We're always here for you, and know that you and Brad are in my prayers...

Liz said...

Oh wow...while the first session was probably not so easy, it's opened the door. Hopefully he'll continue to get some of this stuff out. Thinking about you, lady!

Rhonda said...

Sun bathing IS super boring. Ugh. I wish I could do it.

Anywhoozle, I don't think I have any advice anyone else hasn't given, but I'm glad to hear the first session went well (passion is good, so I consider it a success!).

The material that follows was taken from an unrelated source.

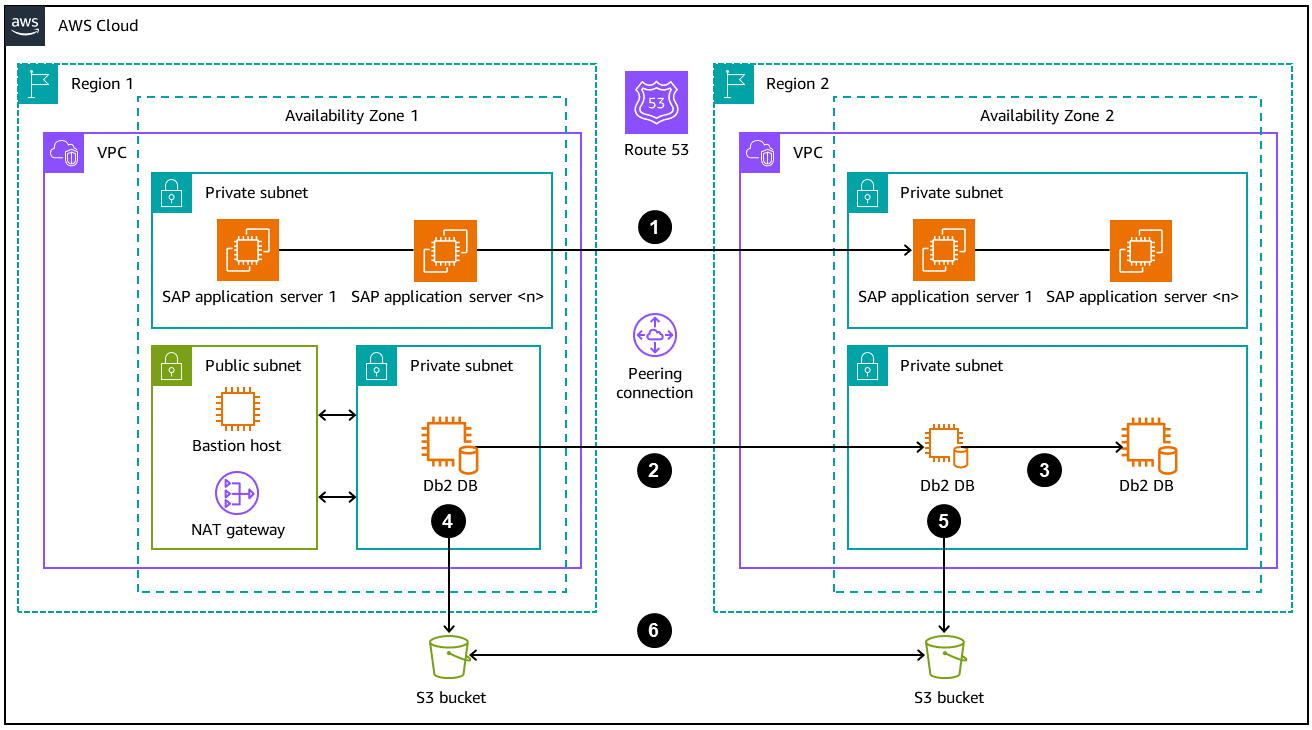 Db2 en AWS con replicación entre regiones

Have a great holiday weekend, ladybug. :)

Anonymous said...

I am glad you two went to see someone and he opened up. That the first step. We are all rooting for you.

Steph said...

I'm glad to hear that the two of you went to counseling and that at least hubby has gotten emotional about something (even though he may be way off base). Gettin ghtings out there is what YOU deperately need and want and I am so proud of you taking this step to try and move forward.

Dinnerland said...

Such great news that you're trying counseling. Perhaps it is really good that Brad has such passion-- I think you've been complaining that he seems almost 'not there'-- isn't that right? Men are often afraid of strong emotions, and 'choose' not to have them.
Too bad they come out in passive agressive or other ways (hard drinking, cheating, angry driving...)
GOod luck with this process and give it your all-- you guys may really come out happy in the end and I wish it so!!

Bonnie said...

Sounds like things went very well. When Dave and I went to therapy years ago he would say the fakest nicey nice crap in front of the therapist and then with me he'd be the jerk that he was at the time. Glad Brad is being real and hope this helps bring you guys back together on a better level.